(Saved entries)
··········
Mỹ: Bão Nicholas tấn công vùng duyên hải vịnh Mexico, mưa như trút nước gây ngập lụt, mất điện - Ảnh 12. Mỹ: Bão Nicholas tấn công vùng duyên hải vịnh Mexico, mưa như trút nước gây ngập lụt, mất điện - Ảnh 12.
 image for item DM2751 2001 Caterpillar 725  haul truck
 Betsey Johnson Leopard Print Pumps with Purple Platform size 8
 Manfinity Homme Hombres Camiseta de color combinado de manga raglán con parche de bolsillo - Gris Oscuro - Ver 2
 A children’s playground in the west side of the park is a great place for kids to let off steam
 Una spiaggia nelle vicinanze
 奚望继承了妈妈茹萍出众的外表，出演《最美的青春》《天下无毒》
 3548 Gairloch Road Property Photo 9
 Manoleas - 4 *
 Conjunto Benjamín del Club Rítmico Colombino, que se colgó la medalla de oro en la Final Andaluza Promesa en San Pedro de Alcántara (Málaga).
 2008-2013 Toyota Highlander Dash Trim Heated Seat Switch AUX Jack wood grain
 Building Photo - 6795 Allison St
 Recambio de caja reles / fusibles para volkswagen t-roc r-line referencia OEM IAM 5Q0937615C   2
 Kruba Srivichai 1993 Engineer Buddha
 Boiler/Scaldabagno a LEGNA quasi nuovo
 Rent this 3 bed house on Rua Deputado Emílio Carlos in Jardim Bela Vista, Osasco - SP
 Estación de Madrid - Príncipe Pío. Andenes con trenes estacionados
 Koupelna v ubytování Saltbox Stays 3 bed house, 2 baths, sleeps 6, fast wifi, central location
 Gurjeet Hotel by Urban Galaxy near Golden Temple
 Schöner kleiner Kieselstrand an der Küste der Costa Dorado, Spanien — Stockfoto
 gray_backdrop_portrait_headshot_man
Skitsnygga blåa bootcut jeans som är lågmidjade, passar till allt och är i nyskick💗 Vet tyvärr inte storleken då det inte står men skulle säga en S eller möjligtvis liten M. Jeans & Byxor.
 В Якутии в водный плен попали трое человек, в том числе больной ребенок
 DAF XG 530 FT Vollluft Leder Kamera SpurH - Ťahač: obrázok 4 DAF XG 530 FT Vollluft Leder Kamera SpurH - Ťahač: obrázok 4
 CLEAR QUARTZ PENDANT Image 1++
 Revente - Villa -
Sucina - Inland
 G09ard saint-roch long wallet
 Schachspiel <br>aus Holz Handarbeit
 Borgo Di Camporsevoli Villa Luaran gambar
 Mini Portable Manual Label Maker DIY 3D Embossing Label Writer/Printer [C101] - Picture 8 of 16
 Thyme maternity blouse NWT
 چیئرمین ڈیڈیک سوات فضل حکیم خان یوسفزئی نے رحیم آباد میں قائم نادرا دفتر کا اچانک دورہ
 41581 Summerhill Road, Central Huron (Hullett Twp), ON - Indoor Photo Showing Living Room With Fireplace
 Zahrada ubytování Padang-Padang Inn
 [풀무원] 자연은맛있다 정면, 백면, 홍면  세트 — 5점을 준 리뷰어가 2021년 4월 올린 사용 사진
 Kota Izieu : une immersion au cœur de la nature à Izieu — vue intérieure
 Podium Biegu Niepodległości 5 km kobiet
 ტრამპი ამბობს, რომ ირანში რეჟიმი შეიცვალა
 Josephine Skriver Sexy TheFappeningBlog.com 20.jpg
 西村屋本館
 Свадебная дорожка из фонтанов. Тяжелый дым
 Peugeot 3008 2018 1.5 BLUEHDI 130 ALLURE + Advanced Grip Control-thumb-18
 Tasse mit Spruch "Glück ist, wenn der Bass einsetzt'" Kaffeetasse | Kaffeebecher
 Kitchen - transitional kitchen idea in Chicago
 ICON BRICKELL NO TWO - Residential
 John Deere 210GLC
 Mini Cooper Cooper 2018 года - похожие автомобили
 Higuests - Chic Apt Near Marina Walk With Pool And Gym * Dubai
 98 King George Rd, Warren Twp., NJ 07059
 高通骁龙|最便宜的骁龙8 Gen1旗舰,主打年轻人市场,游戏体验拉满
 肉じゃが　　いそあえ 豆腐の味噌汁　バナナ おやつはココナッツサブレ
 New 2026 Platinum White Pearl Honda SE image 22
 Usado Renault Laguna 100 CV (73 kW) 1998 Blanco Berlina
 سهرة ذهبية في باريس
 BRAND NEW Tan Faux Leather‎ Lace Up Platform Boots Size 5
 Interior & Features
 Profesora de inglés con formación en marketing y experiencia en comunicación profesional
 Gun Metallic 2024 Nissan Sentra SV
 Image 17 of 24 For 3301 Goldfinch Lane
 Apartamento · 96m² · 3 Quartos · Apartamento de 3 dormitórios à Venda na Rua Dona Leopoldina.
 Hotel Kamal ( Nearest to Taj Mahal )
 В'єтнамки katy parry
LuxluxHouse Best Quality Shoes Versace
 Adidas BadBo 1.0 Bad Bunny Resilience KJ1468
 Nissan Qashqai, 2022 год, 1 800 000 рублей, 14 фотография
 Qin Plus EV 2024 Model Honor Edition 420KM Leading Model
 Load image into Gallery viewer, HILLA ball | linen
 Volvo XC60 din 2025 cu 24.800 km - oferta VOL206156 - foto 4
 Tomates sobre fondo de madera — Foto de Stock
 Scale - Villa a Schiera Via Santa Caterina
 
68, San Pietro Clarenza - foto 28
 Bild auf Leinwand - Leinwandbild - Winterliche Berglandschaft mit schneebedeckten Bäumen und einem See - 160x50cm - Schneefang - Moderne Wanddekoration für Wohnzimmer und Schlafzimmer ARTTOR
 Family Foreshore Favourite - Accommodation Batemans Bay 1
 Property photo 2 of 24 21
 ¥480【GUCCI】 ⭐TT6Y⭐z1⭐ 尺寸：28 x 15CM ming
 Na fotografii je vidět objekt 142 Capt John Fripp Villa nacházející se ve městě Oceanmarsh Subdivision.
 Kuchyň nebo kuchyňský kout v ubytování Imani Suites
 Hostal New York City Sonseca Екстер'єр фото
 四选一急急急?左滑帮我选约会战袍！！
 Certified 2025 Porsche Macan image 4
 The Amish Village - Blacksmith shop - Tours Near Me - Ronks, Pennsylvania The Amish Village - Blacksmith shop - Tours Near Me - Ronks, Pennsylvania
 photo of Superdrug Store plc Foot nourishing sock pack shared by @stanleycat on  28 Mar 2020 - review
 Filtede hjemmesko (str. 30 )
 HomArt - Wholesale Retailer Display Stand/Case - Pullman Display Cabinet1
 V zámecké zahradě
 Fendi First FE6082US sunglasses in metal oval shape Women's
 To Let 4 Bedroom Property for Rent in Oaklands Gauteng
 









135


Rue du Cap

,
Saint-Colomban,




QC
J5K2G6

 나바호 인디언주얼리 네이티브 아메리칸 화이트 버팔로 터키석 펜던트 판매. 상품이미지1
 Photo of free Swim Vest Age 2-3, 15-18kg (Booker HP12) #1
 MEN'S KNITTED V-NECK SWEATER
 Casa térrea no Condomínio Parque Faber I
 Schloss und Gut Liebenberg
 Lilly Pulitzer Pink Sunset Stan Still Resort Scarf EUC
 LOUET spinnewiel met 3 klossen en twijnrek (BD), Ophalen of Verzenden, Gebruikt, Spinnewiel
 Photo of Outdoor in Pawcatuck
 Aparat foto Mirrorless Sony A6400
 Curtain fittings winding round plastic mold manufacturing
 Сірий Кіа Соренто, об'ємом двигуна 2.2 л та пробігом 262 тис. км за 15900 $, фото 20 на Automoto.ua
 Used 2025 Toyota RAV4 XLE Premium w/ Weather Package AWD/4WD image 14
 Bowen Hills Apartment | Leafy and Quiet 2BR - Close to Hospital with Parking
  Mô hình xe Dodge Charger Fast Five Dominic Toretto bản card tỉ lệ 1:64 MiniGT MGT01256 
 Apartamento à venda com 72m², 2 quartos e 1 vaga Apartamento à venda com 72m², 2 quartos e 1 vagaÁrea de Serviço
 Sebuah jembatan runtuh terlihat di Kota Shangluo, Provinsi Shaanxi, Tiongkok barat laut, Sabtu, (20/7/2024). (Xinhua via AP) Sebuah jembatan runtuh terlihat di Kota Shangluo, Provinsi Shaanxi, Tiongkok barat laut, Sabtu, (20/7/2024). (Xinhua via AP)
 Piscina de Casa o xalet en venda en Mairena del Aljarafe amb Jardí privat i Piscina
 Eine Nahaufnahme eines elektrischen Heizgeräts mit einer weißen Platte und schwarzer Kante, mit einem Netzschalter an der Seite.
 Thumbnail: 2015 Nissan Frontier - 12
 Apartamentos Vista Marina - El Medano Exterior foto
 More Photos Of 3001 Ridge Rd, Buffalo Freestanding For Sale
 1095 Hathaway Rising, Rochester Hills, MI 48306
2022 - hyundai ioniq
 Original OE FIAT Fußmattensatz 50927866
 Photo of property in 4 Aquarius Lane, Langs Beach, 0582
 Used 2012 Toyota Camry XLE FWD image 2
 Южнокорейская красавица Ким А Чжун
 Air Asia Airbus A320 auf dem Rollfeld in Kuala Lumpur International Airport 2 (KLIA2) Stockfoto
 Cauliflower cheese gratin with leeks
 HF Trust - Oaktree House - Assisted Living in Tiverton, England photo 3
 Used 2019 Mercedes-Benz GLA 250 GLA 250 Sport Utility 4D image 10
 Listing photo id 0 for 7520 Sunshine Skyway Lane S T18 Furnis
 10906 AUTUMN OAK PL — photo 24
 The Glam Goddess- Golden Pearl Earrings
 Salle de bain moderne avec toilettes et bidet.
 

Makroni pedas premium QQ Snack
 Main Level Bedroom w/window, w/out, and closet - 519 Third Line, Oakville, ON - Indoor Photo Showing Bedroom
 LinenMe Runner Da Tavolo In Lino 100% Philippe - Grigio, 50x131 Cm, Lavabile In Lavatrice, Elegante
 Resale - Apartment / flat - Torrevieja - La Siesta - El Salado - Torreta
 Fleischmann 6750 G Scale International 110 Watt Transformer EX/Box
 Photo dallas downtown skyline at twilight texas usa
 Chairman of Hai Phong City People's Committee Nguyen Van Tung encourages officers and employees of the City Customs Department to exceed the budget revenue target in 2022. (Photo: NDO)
··········
### ASSIGNMENT
Find the lines above that contain the string "Used" and answer with how many there are, nothing else.

### RESPONSE BOX
3